I realized something on the drive home tonight. I’ve never known what is is to truly love. No, really. I’ve never missed home, I’ve never missed anyone outside of masked insecure feelings, I’ve never longed for a safe place I’ve ever known. Sure enough, I’ll get criticism for this post but it’s my blog, it’s my life and if you don’t like it click that cool little ‘x’ button on the window or do whatever it is you gotta do to quit.
As I’ve realized recently, I love being around people yet I kinda despise people. Some people. I work at a Coffee shop in one of the richest neighborhoods so you may imagine I can already tell some stories of the disgusting attitudes people spew. On the flip side, I can also tell you stories about some of the most amazing people I’ve met at this particular location. Life isn’t all about the assholes that make their presence well known. Sometimes we just have to look past it.
I’ve had a pretty good life. I lived a fairly sheltered childhood that kept me safe from boogeymen and the molesters that would inevitably take me if I strayed too far from home. I always had a roof over my head and was fed and all that kinda good stuff. I know my family loves me in their own way and that isn’t something I want to take away from them.
Truth of the matter is, I have felt empty for a lot of years. A lot. I’ve learned what guilt is and I’m not a fan of it. Suicide has been pinned on me and ya know what? Good for fuckin’ her… It had nothing to do with me. How dare someone put such a horrible emotion into someone else. I try as hard as I can to avoid even playful guilt trips with people. If someone doesn’t want to feel the way I want them to, they have every right to that. I will never fault anyone for that (or at least I’m going to try my damnedest).

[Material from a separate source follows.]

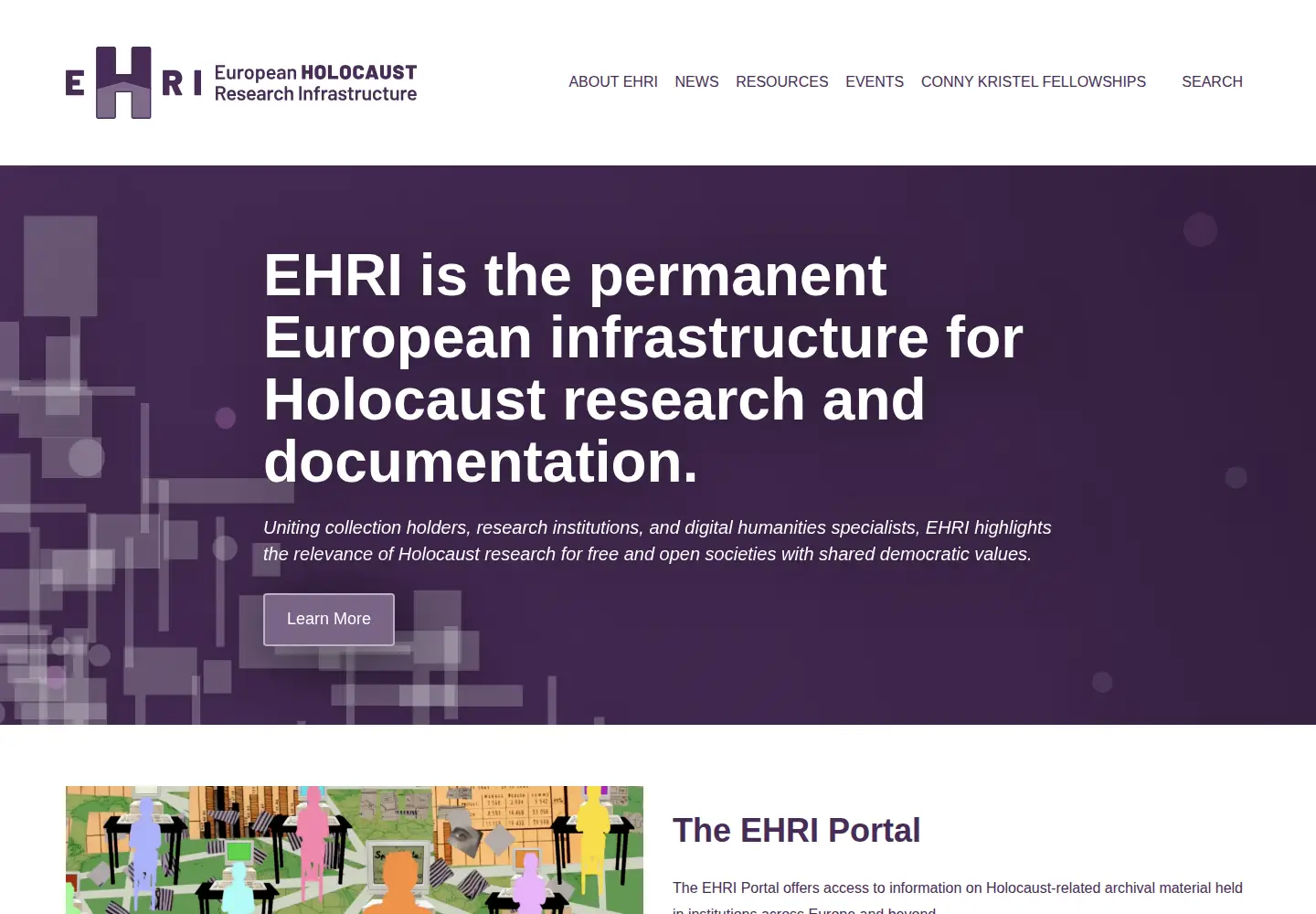 Screenshot of ehri-project.eu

There’s a lot more about my life that I have to save for the journal that must be burned after every entry. I think about things a lot when I get to the end of my day such as right now. I’m not OK with certain things that have happened to me, and I’m not here to point fingers or place blame because in the end, my life as it stands is because of my own actions.
This kind of blog entry is what happens when I truly have writers block. I tried to avoid venting about pissy people or experiences with un-passionate people. As I wrote about in my last entry, I sit in front of the blank canvas of my life and try to open myself up to inspiration. I look for it in my dreams, yet sometimes those don’t seem real enough for me.